The visit to the research facility capped Biden’s first presidential trip to the western U.S., where he held events to generate support for his economic agenda by pointing to the region’s increasingly devastating wildfires and persistent drought.
The trip comes as congressional Democrats -- who narrowly control the House and Senate -- are engaged in high-stakes negotiations over a $3.5 trillion tax and spending plan that encompasses much of Biden’s agenda, including expanding social programs and addressing climate change.
Biden said his separate infrastructure bill, which has passed the Senate and is awaiting a final vote in the House, would help the U.S. withstand increasingly severe weather. “We’re going to provide support to make our communities, including tribal nations, much more resilient to the impacts of climate change,” Biden said.

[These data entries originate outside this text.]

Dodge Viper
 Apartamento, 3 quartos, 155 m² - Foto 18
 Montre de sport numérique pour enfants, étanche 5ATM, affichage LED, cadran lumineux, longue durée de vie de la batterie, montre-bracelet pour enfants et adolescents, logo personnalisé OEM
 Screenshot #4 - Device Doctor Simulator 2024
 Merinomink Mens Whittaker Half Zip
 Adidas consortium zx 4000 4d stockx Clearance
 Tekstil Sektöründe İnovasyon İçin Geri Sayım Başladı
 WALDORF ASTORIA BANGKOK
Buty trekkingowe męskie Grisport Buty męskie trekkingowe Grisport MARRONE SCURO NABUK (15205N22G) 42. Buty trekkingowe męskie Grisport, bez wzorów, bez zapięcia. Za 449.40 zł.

Read More: Clean Energy, EV Infrastructure Plan Advanced by House Panel
Earlier this week, House Democrats released a new package of tax increases hitting corporations and the wealthiest Americans to partially offset Biden’s spending proposals. The plan would raise $2.1 trillion over 10 years by increasing the top corporate tax rate from 21% to 26.5% and the top rate on capital gains would rise from 20% to 25%.
The increases are less than originally sought by the White House -- a bid to hold the support of moderate and business-minded Democrats from swing districts. But leaders still face a difficult task holding ranks, with sharp differences among House Democrats over a drug pricing overhaul and Senate Democrats signaling deep divisions over the effort’s overall cost.
Republicans have objected to the amount of spending championed by the president, and have said increasing taxes on businesses would hurt the economy.